> [Input for this task]:
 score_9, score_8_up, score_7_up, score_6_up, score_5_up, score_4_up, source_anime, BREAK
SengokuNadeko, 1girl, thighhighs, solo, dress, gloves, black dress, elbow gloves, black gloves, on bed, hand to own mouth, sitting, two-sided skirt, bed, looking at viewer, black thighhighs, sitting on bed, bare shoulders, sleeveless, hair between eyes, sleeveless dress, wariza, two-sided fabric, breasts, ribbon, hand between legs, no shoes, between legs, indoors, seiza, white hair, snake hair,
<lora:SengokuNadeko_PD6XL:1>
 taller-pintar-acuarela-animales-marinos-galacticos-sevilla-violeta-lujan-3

...

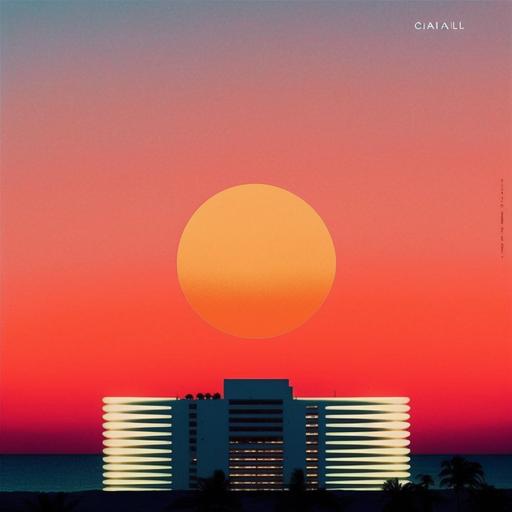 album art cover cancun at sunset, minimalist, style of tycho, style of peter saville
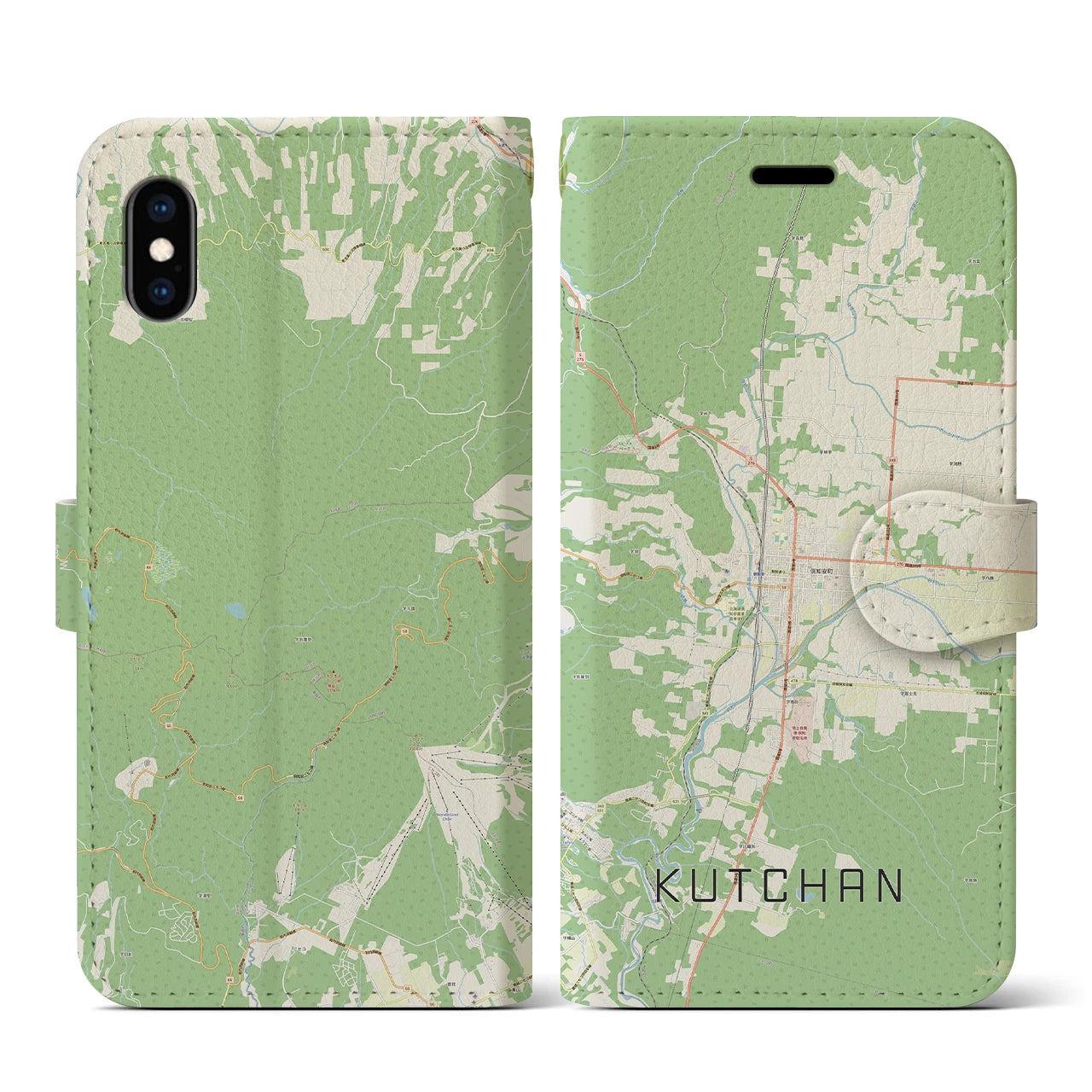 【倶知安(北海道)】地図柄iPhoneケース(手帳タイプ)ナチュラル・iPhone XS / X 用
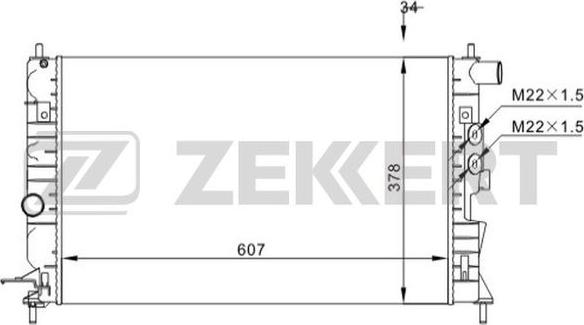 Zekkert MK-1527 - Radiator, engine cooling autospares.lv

---

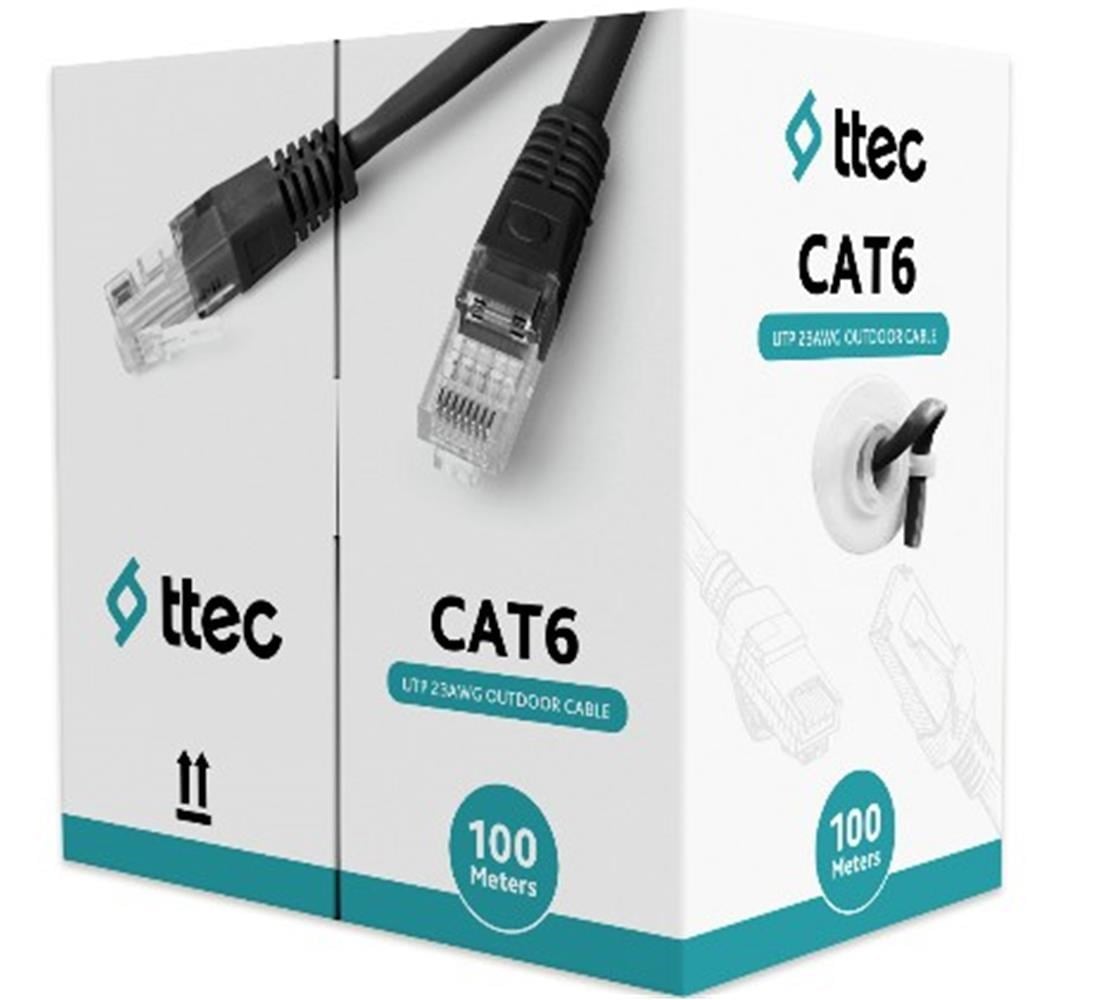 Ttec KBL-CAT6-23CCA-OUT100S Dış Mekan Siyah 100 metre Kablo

> [Your goal]:
Copy exactly the stretch of data above from the line with "score_4_up, source_anime, BREAK" through the line with "SengokuNadeko, 1girl, thighhighs, solo, dress, gloves, black", and omit all other lines.

> [Task response]:
 score_9, score_8_up, score_7_up, score_6_up, score_5_up, score_4_up, source_anime, BREAK
SengokuNadeko, 1girl, thighhighs, solo, dress, gloves, black dress, elbow gloves, black gloves, on bed, hand to own mouth, sitting, two-sided skirt, bed, looking at viewer, black thighhighs, sitting on bed, bare shoulders, sleeveless, hair between eyes, sleeveless dress, wariza, two-sided fabric, breasts, ribbon, hand between legs, no shoes, between legs, indoors, seiza, white hair, snake hair,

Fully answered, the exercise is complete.